Web page caption snippets:
☆ ☆ ☆ ☆
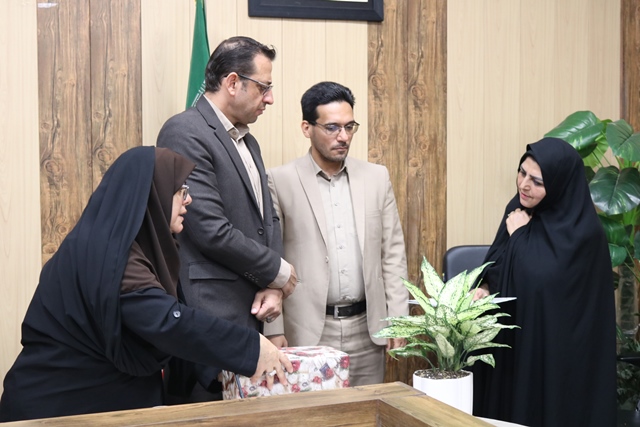 همدلی و همکاری، لازمه پیشبرد اهداف کتابخانههای عمومی شهرستان سمنان است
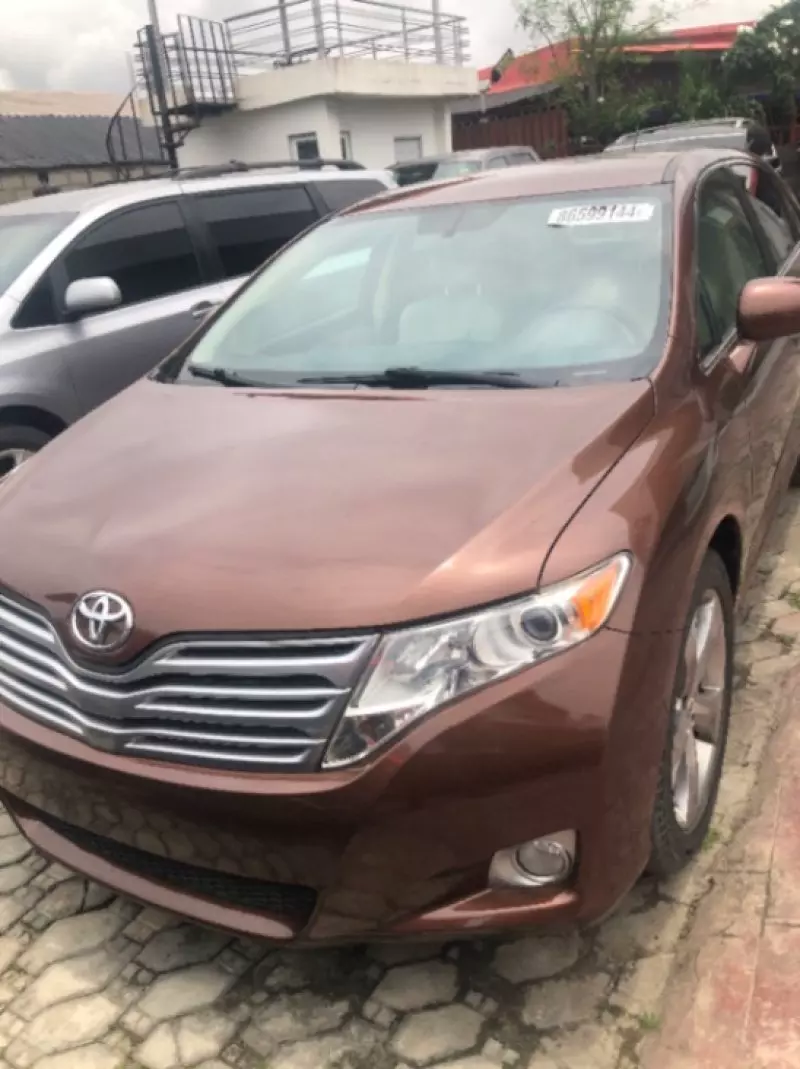 Toyota Venza   - 2013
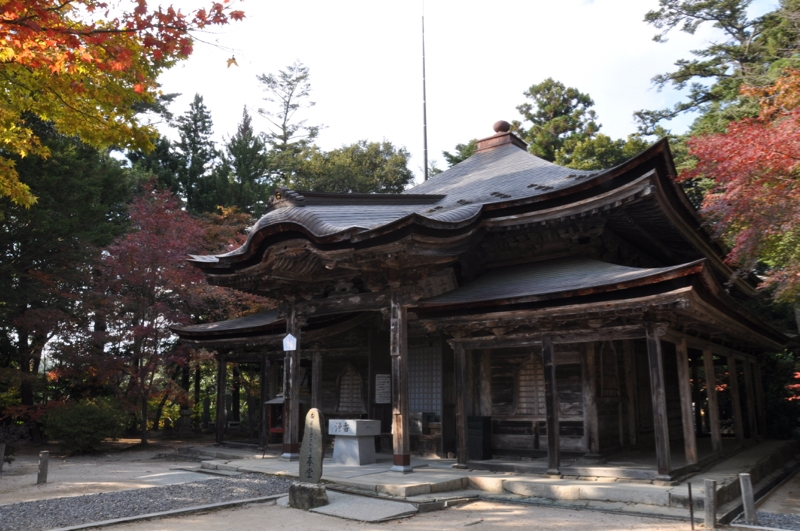 Autumn leaves at Gokurakuji - 4 of 12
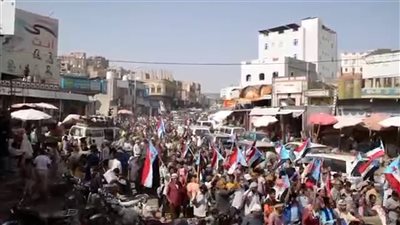 مظاهرات غاضبة في الضالع احتجاجاً على تردي الخدمات وانهيار العملة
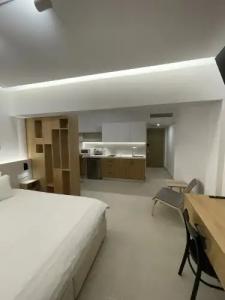 Vrachia Beach & Suites - Adults Only - 367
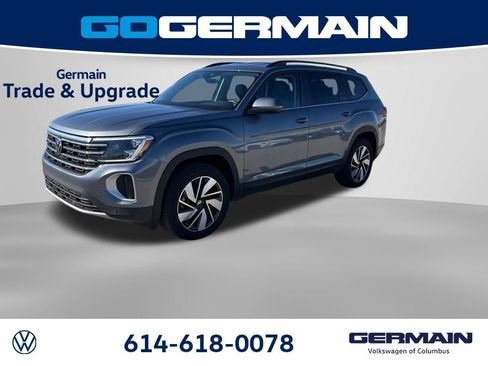 Used 2025 Volkswagen Atlas SE image 1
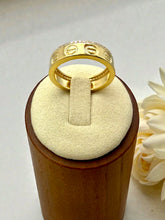Load image into Gallery viewer, Inspired Carryer ring row of cz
☆ ☆ ☆ ☆
-- Work to be completed --
All lines from the one with "Autumn leaves at Gokurakuji - 4 of 12" through the end of the records above must be reproduced exactly, both ends included, and the pictures must be left out.

-- Exercise response --
 Autumn leaves at Gokurakuji - 4 of 12
 مظاهرات غاضبة في الضالع احتجاجاً على تردي الخدمات وانهيار العملة
 Vrachia Beach & Suites - Adults Only - 367
 Used 2025 Volkswagen Atlas SE image 1
Load image into Gallery viewer, Inspired Carryer ring row of cz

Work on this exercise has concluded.